Gardens Aflame takes readers on a journey blending aesthetics, ethics, natural and cultural history, as Acker cites scientists, philosophers, taxonomists, explorers, poets, and her own experience living and playing in these vanishing environments. Her slim volume (104 pages) is about much more than plant and place, and the phrase “human nature” takes on new complexity.

The human “civilizing” trend toward destruction in the name of development, which reflects certain ideas about our dominant place in the world, continues today. It’s a trend Acker has witnessed in ways that have marked her deeply. “Growing up here in the South Island I’ve seen so much demolition,” she says with sadness, looking into a big glass of red wine at Ferris’ and noting the loss of natural places that to her were sacred spaces, eventually sacrificed to builders, to “progress.” “Seeing that destruction is how I became involved with land conservancy,” she notes, “and the book was a way to put into words my dedication to the South Island and the ecosystems that are there.” 

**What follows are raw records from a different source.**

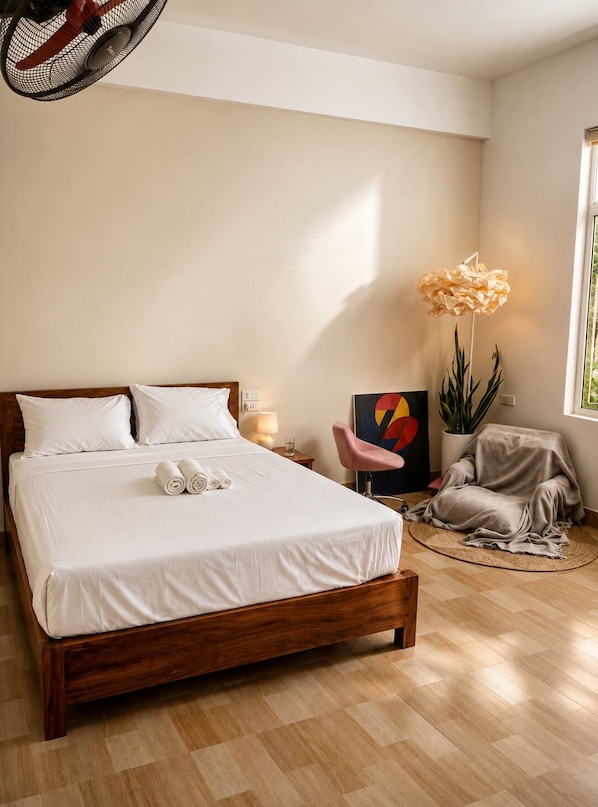 Habitación doble estándar, balcón | Wifi gratis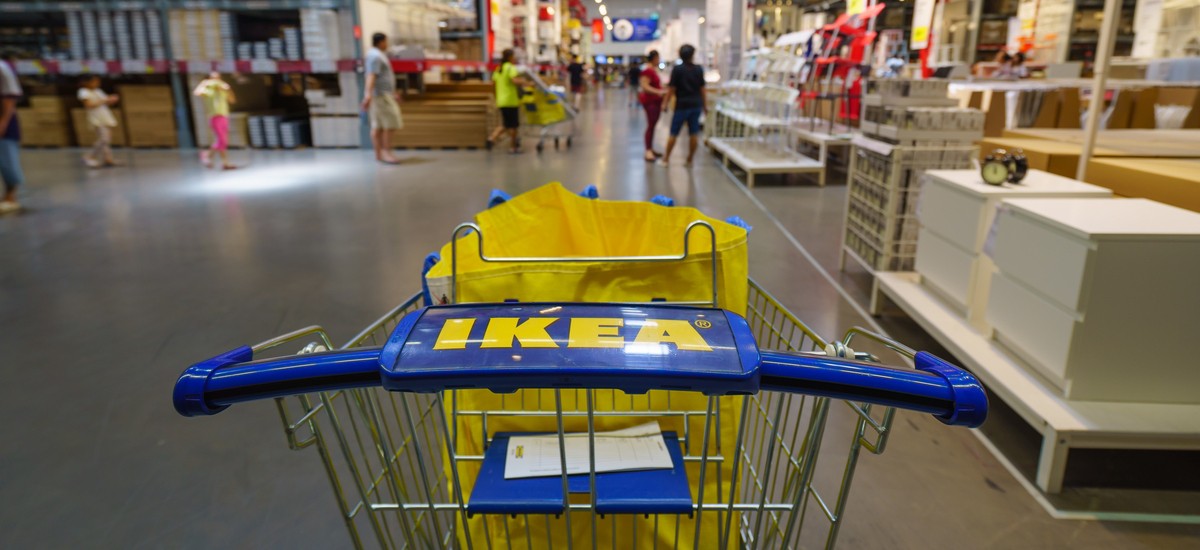 Áramütés veszélye miatt visszahívja az IKEA ezeket a falilámpákat – mutatjuk a részleteket!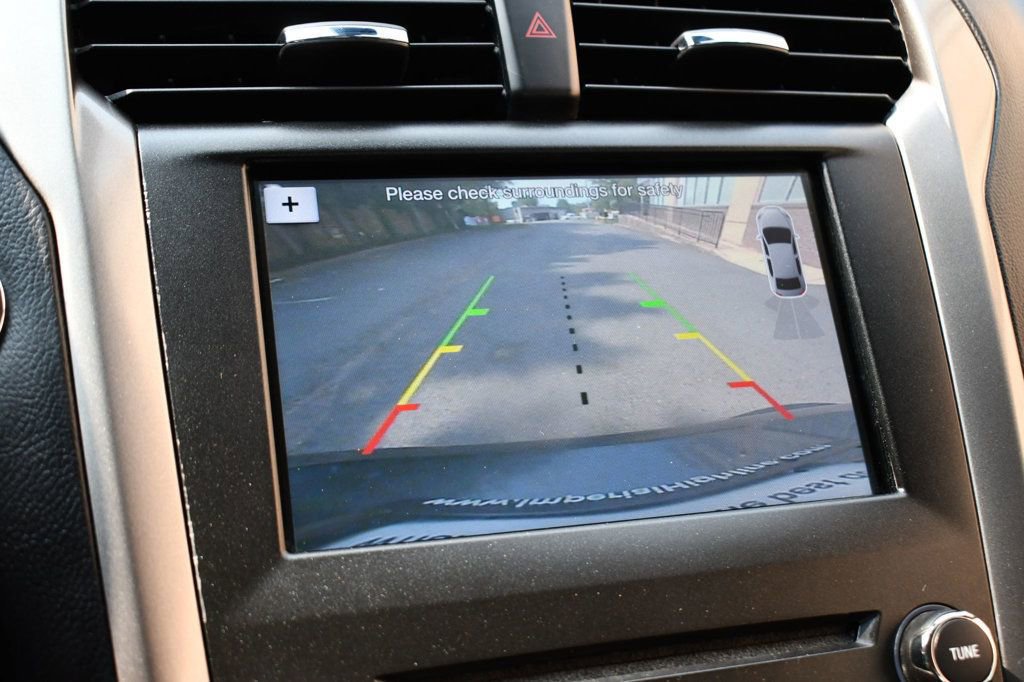 Used 2017 Ford Fusion Energi SE image 25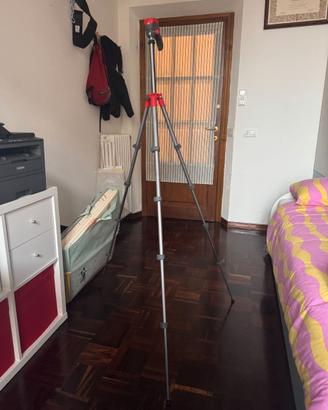 Treppiedi cavalletto Manfrotto foto-video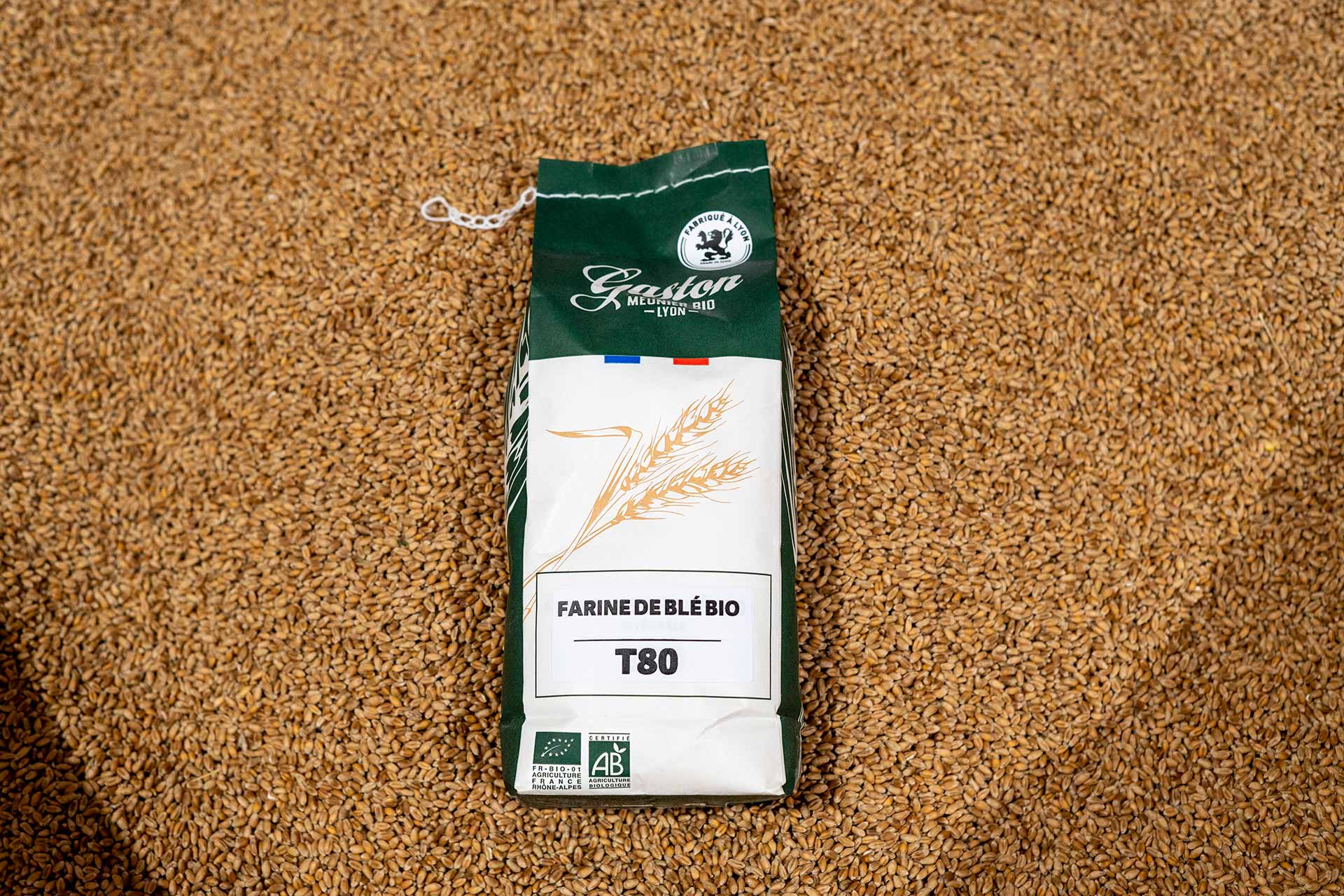Sachet de farine de blé bio T80 Gaston Meunier Bio – Lyon, déposée sur des grains de blé à la meunerie de Pierre-Bénite (métropole de Lyon)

A member of the Society of Environmental Journalists, Acker worked in communications for the CRD, writing on topics like environmental education, wastewater, and how to grow a native plant garden. In earlier life she also worked in Northern Alberta for five years as a fire lookout, where her job was simply to watch the forest. There she experienced the need to “shut down and be very quiet.” But now she is speaking out to all who will listen. 

Describing the book as one-third natural history, one-third poetics and philosophy and one-third aesthetics—“But that changes every time I discuss it,” she laughs—she says: “It’s not really memoir or natural history. I wanted even the personal bits to be less about the seer than the seeing.” Taking the time to see and to appreciate, to value beyond scientific and economic reasons, should be part of environmental management and stewardship, she believes. Thus she redescribes, turns over for us, those familiar oak leaves: “They are saffron, copper, rust, yolk, gold or fire. They are furry as the underside of your childhood guinea pig, and just as bright orange.” 

“The book will appeal to natural history buffs and native species gardeners,” she knows, but says her hope is also for a different audience. “In developments and among the new generation, I’m not sure there’s that awareness of the land. If I had my druthers, those would be the people to read it—them and anyone who’s ever cursed the oak in their yard, who hasn’t let their grass grow long.”

Without a garden to tend, condo-dwelling writer and editor Amy Reiswig seems to be at least cultivating native mosses on her wet balcony.